Friday, September 12, 2014

Are the Mystics Right? Is Time an Illusion?

I am late getting this piece to press, a rather ironic statement considering the topic.  And considering that I was the one to suggest it to the LBC.

We have been told by mystics since what we perceive as the beginning of time that time itself is an illusion.  Annoying isn't it, when they tell you things that are obvious balderdash.  Every one of us experiences time ... well ... all the time!

In the days of the earlier scientists, time and space were separate, set entities like we observe in our everyday experience.  Then along came Einstein  and he did a funny thought experiment.  He asked himself if he were sitting on a light beam, traveling with it at the speed of light and the light hitting his eyes were from a clock face, what would he see?  Well, he reasoned, if I am traveling at the same speed and in the same direction a the light coming to me from the clock face, then I would never see the hands move!  The image would always be the same image!  Does that mean that time would stop????

Excitable guy that he was, he started going off into mental journeys pursuing the implications.  Kind of like Lewis Carrol projecting his imagination into Wonderland to see where it took him, Einstein had found his own Wonderland.  Most people would have left it at that, a flight of frivolous but fun fantasy, but Einstein wasn't made that way.

Before he was done, he had worked out theories of Special and General Relativity that turned our understanding of what was constant and what was changing totally on its head.  The beauty of it was that he created predictions of experiments ALL of which had to come out as he predicted or the entire theory was invalidated!
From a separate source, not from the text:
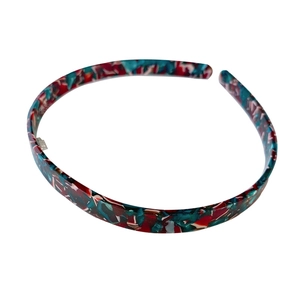 Minimalist slim acetate headband with retro red and blue marbled tortoiseshell pattern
Rather than go through the proofs, I will give you some of the proven results.  An astronaut that has been in orbit is slightly younger than he would have been had he stayed on the ground.  It is proven by sychronizing two atomic clocks, putting one in orbit for awhile, and then comparing the two after the landing.  And, just precisely as predicted at the turn of the 20th Century, the clock put in orbit would show a time slightly earlier than the one on kept on the ground.

But, just as the mystics have told us in their pronouncements about time, Einstein did not replace certainty with the random.  In fact, by Einstein's theories, we have greater accuracy in measurements of time and motion than with Newton's.  In fact, I have read that he originally wanted to call his theories the theories of IRRELATIVITY, because they showed what was irrelative to the motion of the observers.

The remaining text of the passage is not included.